If RVs are the clan-friendly leviathans of the open road, the Jucy camper vans — equipped with fridge, gas stove, sink and two double beds — are the nimble, next-generation option for DIY road-trippers, intended to be maneuverable, fuel-efficient and affordable (from $40 per day), a combination of rental car and condo.
Brothers Tim and Dan Alpe founded Jucy in 2001 in New Zealand, offering drivers handy accommodations in wilderness locales. In 2012, they exported 50 vehicles to the U.S., stationing them in road-trip-ready Las Vegas, Los Angeles and San Francisco. Now, with about 200 Jucy vans in the U.S., the brothers aim to expand to the East Coast and Florida.
Jucy’s compact size, the company claims, allows it to easily navigate high-traffic areas, such as national parks. We resolved to test that assertion in Sonoma County wine country in California’s busy harvest season.
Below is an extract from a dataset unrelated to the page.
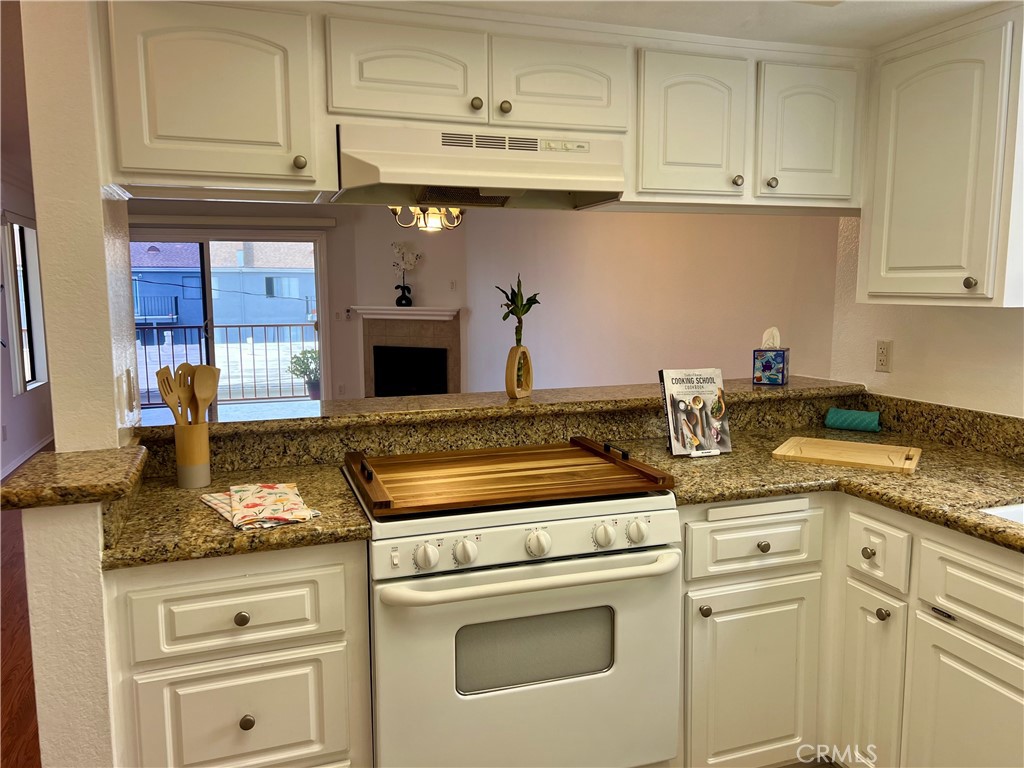 3516 East Ransom Street, Unit 204 Long Beach, CA 90804 - Photo 13 of 38 a kitchen with granite countertop a sink stainless steel appliances and cabinets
Picking up a Jucy near San Francisco, we planned to drive an hour north for a weekend, overnighting at the Alexander Valley RV Park & Campground on the Russian River, where we could drink high-quality chards and zins in low-rent style (campsites cost $40).
Before bestowing the keys to the lime-green-and-purple vehicle, the Jucy agent demonstrated how to crank up the penthouse, the pop-up apartment atop the roof — a.k.a. the top bunk — that conceals a foam mattress and removable metal ladder within.
The middle interior bench folds flat into a double bed. The rear hatch opens to reveal a kitchen less than 2 feet deep, with a sink plumbed to a 5-gallon water tank, a pull-out gas burner, a refrigerator drawer and compartments for pans and utensils.